With the current motion system being so good it’s easy to run just ludicrous mode and receive almost 0 penalty, at least thats what i get most of the time with large rigid parts.
Or you could say, if you find that ludicrous mode works consistantly with a specific filament, you should then make a custom profiles with the changes. Max flow, accelerations etc.
Why would you have to turn everything into an argument? The mode exists and it’s just a easy way to boost acceleration and speed limits to 166%. Making a profile for each and every filament you use is extremely inefficient and time consuming. I have over 16 brands and >30 different filament types in stock, good luck on getting them all finetuned with countless hours of calibration prints.
This is the first reasonable use of these buttons I have heard of. My niche usage case is when I have a model with a point at the top and I have slowdown for layer time but I don’t really need it. In this case I know I can “push the limits” because the printer is already moving very slow. Noobs just turning on Ludacris because printer go brrrr and then crying about quality issues grind my gears. All the bambu FB pages are filled with these.
I see a few others have explained it already. Just wanted to throw out there that I’m pretty sure they use ABS to test the max volumetric flow rates.
100% in agreement with you. When I first got my Ali CHT and E3D HF nozzles for my X1 and P1s I went down the rabbit hole of creating custom filament and speed profiles for each brand and type I had and as I mostly used 3rd party filaments I very soon hit the upper limit of filament bambu will sync to the cloud. Eventually I realized the flow is increased by about 50-60% with HF nozzles with common filaments like PLA, ABS and ludicrous mode increases the speeds by the same amount and also bumps the acceleration. I still do max flow test and custom profiles when Im trying to print at the highest quality, but for prototypes and drafts ludicrous mode is a nice shortcut.
Now that I got the H2D Im not really bothering with custom filament profiles except “Generic TPU” and a few others. Also as auto PA calibration is much improved with H2D, I absolutely see no need for custom profiles for each filament brand and type, with very few exceptions.
I am confused; you wanted to know what Maximum Volumetric Speed means, specifically concerning the last column, which is labelled Maximum Volumetric Speed (the same thing).
Things veered off to trying to work out if the last column means a specific material, which it doesn’t. Nothing in the notes 1 & 2 relates to a direct correlation with the last column, simply their explanation of their testing regime.
Nope, for the reasons above.
That’s not the answer; that is a testing note about how they performed their test.
You had the answer.
You had a follow-up to the answer.
Now you have linked a reference to a testing note and postulated if there was a correlation they failed to write (as in the material), there wasn’t.

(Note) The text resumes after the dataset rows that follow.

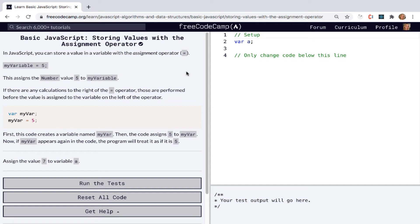Hey, today we're talking about storing values with the assignment operator. In JavaScript, you can store a value in a variable with the assignment operator, which is this. So here we can see my variable, and this assigns the number value 5 to my variable.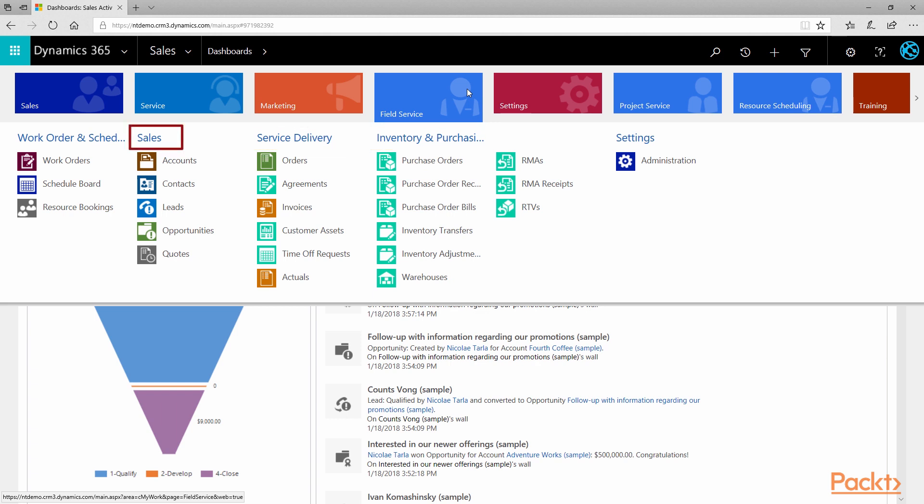The Sales section covers the typical sales elements we've already seen in the Dynamics 365 for Sales video earlier. These are a subset that is relevant to the functionality related to field service. Now you see that even though we have separate functional modules, some elements span across various modules and provide supporting data.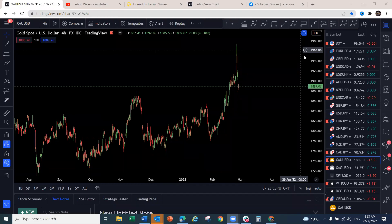Good morning traders, welcome to this week's Elliott Wave Forex and cryptocurrency market analysis webinar. I hope you all had a great week. The market is still trending, we are seeing a lot of trading opportunities, and we have been catching most of these moves. If you have been following these videos, I hope you are making money.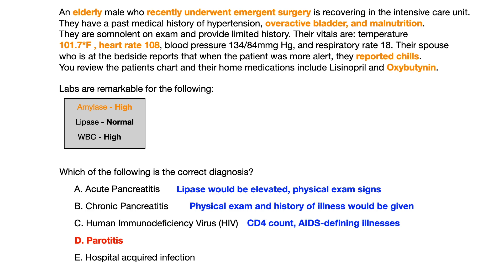The biggest and most important question you can ask yourself on USMLE or COMLEX is: if the test writer wanted me to pick choice A, what would they have given me in the vignette? You can think back to what you studied about pancreatitis or HIV — the buzzwords, the high-yield findings — and you can see literally none of that here. Work backwards, eliminate what makes the least sense, and you're left with one or maybe two answers with a 50/50 shot of getting it right.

They could have selected ASA as the testing material, but it wouldn’t have made the final column ASA-related any more than it currently makes it ABS.
I hit this limit a long time ago, even before getting my H2D. Is there any way to get a higher limit? A one-time payment, a subscription,…, anything? It’s immensely irritating, especially given what should be the extremely low cost for the data storage. The number of bytes needed to preserve each profile should be paltry. I’m sure I’ve uploaded orders of magnitude more bytes just from all the photos I’ve posted to this forum.